Puigdemont darf hoffen
Warum das Urteil der deutschen Richter für den Katalanen auch dann eine gute Nachricht bleibt, wenn er doch noch ausgeliefert würde
Der frühere katalanische Regionalpräsident Carles Puigdemont kann nicht wegen des Vorwurfs der Rebellion an Spanien ausgeliefert werden. Das entschied das Schleswig-Holsteinische Oberlandesgericht am Donnerstagabend. Zwar erließen die Richter einen Auslieferungshaftbefehl wegen des Vorwurfs der Untreue, setzten aber auch dessen Vollzug sofort aus. Eine Auslieferung wegen Rebellion schloss das Gericht von „vornherein als unzulässig“aus. Die Begründung: Das Puigdemont zur Last gelegte Verhalten sei in Deutschland nicht strafbar. Damit kommt eine Auslieferung nicht infrage.

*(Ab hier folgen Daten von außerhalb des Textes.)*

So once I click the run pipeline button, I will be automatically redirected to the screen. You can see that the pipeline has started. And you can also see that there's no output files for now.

Im internationalen Recht gilt der Grundsatz, dass Beschuldigte nur dann ausgeliefert werden, wenn die zur Last gelegte Tat in beiden Ländern – in diesem Fall Deutschland und Spanien – strafbar ist. Den Tatbestand der Rebellion gibt es in Deutschland zwar nicht. Strittig war allerdings, ob er dem Hochverrat entspricht, der dann erfüllt ist, wenn jemand versucht, durch Gewalt oder Drohung mit Gewalt ein Teilgebiet aus der Bundesrepublik auszugliedern oder die verfassungsmäßige Ordnung dort abzuschaffen.

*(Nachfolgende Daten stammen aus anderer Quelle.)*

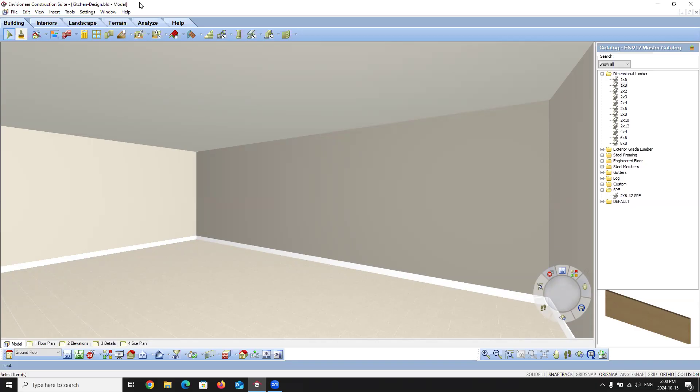Good afternoon everyone, and welcome to the kitchen design webinar. My name is Nick, and I'll be doing the presentation with you today. Just like all of our previous webinars, everybody will be on mute. If you have any questions at any point during the class, please feel free to type them into the questions and answer section. At the end of the class, I will go through and answer any questions that may have come up.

Das Oberlandesgericht kam zu der Einschätzung, dass der Straftatbestand des Hochverrats „nicht erfüllt sei, weil es an dem Merkmal der Gewalt“fehle. Daher sei die „Fluchtgefahr deutlich herabgemildert“und weniger einschneidende Maßnahmen als der Vollzug der Auslieferungshaft seien ausreichend. Dieses Urteil bedeutet, dass Puigdemont im Falle einer Auslieferung in Spanien nicht wegen Rebellion angeklagt werden kann. Auf Rebellion stehen dort bis zu 30 Jahre Gefängnis, der Vorwurf der Untreue wiegt weit weniger schwer. Die katalanische Unabhängigkeitsbewegung feierte die angeordnete Freilassung. „Es scheint so, als ob es in Europa doch noch Gerechtigkeit gibt“, sagte Marcel Mauri, Vizechef der Unabhängigkeitsplattform Òmnium Cultural.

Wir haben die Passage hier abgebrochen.